CBS8-SanDiego-Boat-In-Cave.jpg (61.9 KB) 

Greg Hayden


----------



## Day Sailor (Nov 9, 2014)

They were lucky to get a distress call out of the cave.


----------



## kewl dude (Jun 1, 2008)

Latest report this evening September 12 @ 2300 local news. The swells and surf have reduced the yacht to "nothing that looks anything like a boat" - largest pieces are around four feet x four feet. The engines rest on the bottom of the cave.

Greg Hayden


----------



## John Rogers (May 11, 2004)

Its a good thing the Auto Pilot put them though the Hole/Cave, could have hit either side and that would have given them a wake-up call. People like that should have their Boat License pulled.


----------



## Farmer John (Feb 22, 2012)

John Rogers said:


> People like that should have their Boat License pulled.

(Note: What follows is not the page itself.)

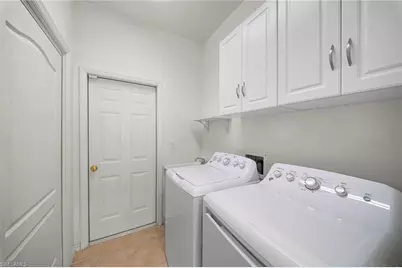 20552 Ardore Ln, Estero, FL 33928 - Photo 41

Let them keep the one they have until it wears out.


----------



## harry t. (Oct 25, 2008)

In the 50’s, 3rd mate on an old Baltic trader swinging on the steam whistle halyards every two minutes in thick fog, no radar, no gyro, just D/F and the log rotator aft. Using D/R positions since clearing the Pentland Firth two or three days earlier. After altering course using cross bearings on the D/F from Portpatrick and Mew Is. and the D/R posn. It was assumed we must now be steaming (at reduced speed) up the middle of the lough to the pilot station and our port of discharge. Shortly after this alteration and another long blast on the whistle, it was answered immediately by another up ahead. The old man didn’t hesitate or waste a second, –‘full ahead and hard a port’, the mate and chippy where sent for’ad and the anchor dropped. Later, when the fog cleared, the old man’s family amongst the onlookers on the promenade shouted greeting across the water. Before we got underway, he instructed his family to see to it the engineer on the railway engine was bought a drink for his prompt response to our fog signal. His engine had been coming out of the rail tunnel at the ‘Bla Hole’ and we had been heading straight at it. Duff D/R’s aplenty then.


----------



## Ron Stringer (Mar 15, 2005)

Harry, true or not, that story is absolutely great and so very reminiscent of so many of the tales that were exchanged at sea. Thank you.


----------



## harry t. (Oct 25, 2008)

Hi and hello Ron, a very true account. 1st trip uncertificated 3rd mate on an old coal burner, spent nearly every hour on watch out on the bridge wing hanging on to those halyards in fog, until they parted during that incident. A twenty two day round trip lasting two months on account of the fog and ice. 
The old man came from Whitehead in Co.Antrim near the rail tunnel at the 'Bla Hole' (Blow Hole), so everyone knew everyone, hence the request to 'buy the man on the end of railway engine whistle a drink' - for saving us from a disaster. Our deck cargo of creosoted telegraph poles would have made one fine mess of the towns seafront and promonade, and the old man would never have lived it down in that wee part of the world. I always remembered it was a bit of quick thinking on his part. I also well remembered the bosun on that lady, Julian, from the Seychelles, who had been there from when she was returned as a war prize, and had no notion of ever going back home.


----------